As populações indígenas e a formação do Ceará
As diversas populações indígenas do Nordeste se destacaram pela resistência à colonização, foi preciso uma ação agressiva de Portugal para garantir o controle de nossa região. A “Guerra dos Bárbaros” ou Confederação dos Cariris mostrou seu poder de reação ao expansionismo português.
Quando D. João IV deu as terras da região aos soldados da guerra contra os holandeses, os povos que ocupavam a região foram atacados. Em resposta Janduís, Paiacús, Kratiú, Icó, Sucuru, Corema entre outros incendiaram os sertões do Ceará à Bahia.
Os documentos deixam claro o pavor dos colonizadores ante as reações indígenas. Grupos de mercenários se organizaram para lutar contra os revoltosos. O rei europeu perdoou os crimes de qualquer um que fizesse guerra ao gentio. Acordos de qualquer natureza serviam na luta contra os indígenas.
A mais eficaz estratégia portuguesa de ocupação foi explorar as disputas internas entre os povos das áreas que queriam dominar, dividir para conquistar, nesse modelo a melhor forma de se proteger dos grupos mais agressivos era se aliar aos seus inimigos locais. Os jesuítas foram fundamentais à essa mobilização.
Os religiosos se uniram aos “povos amigos” fundando diversos aldeamentos que cercaram e protegeram a Fortaleza de Nª Sª d’Assunção associando a força militar daqui e d’além mar e atendendo à necessidade de abastecer e alimentar os colonizadores.
Os aldeamentos de Porangaba (parangaba), Caucaia, Mecejana (atual Messejana) e Paiacu (atual Pacajús) passaram a ser fundamentais à futura capital do Estado e hoje estão no cinturão principal de nossa região metropolitana.
Em 1759 o governo eleva as antigas aldeias às "vilas de índio" na Capitania do Ceará Grandes e as terras tomadas dos jesuítas foram dadas aos povos originários em troca de obediência e submissão.

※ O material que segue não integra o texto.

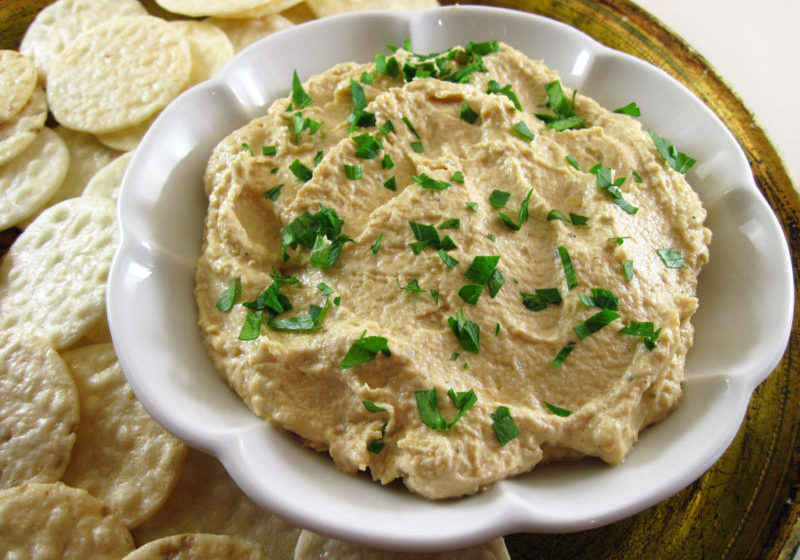 Удивительно вкусная намазка на хлеб: рецепт сытной закуски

Surgiam como “terras indígenas” as Vila de Soure (Caucaia), Vila Nova de Arronches (Parangaba), Vila de Mecejana, Vila de Montemor, o novo da América (Pacajús) e Vila Viçosa Real (Na Ibiapaba) seriam elevadas à vilas e suas terras, medidas e delimitadas, seria dada aos "índios".
Esse processo ampliou entre os interessados nas terras dos aldeamentos e a necessidade de deslegitimar as nações indígenas e suas demandas. O decreto de 1863 oficializou a expropriação das terras indígenas à custa de suas existências e a imposição de um silêncio sobre suas etnicidades virou. As “antigas raças” sumiriam para atender ao novo mercado.
Dos marcos temporais às marcas reais
Em todos esses eventos a relação entre o Estado e os povos indígenas se dá em torno da maior das riquezas: a terra. E isso nos leva ao motivador desse texto. Essa breve história dos indígenas e das terras do Ceará foi a recente aprovação do marco temporal.
O projeto muda as regras para demarcação de terras indígenas no país, ao estabelecer que só teriam direito à demarcação de terras os indígenas em territórios ocupados na data da promulgação da CF (5 de outubro de 1988).
Pensemos no Ceará, se o Estado não reconhece a existência destes povos como se fará justiça às ocupações destas terras. Sem direito de existir como seria possível o direito de possuir?
Para muitos brasileiros ser indígena é viver no passado, é somente usar cocar e andar nu, seja na deturpação da imagem do indígena colonial ou na visão romantista idealizado, ingênuo, incapaz e pueril sempre pensamos mais em Iracemas, Peris ou Ubirajaras do que
em nossos Tabepas, Tremembés e outros povos reais. Mais do que marcos do tempo passado podemos aprender com os povos do tempo presente.
Há 160 anos o Estado dizia que indígenas não existiam, há 10 anos aceitava que sim, os povos indígenas se negaram a sumir, há uma semana só são indígenas os que assim se definiam há 35 anos atrás.
São muitos marcos temporais de uma identidade nacional e regional que é fruto de lutas permanentes e sem tempo previsto para seu fim. Enquanto cearenses podemos ir além de José de Alencar e dos sensos comuns indianistas na hora de pensar sobre nossos povos originários, afinal o tempo mais importante da história é o agora.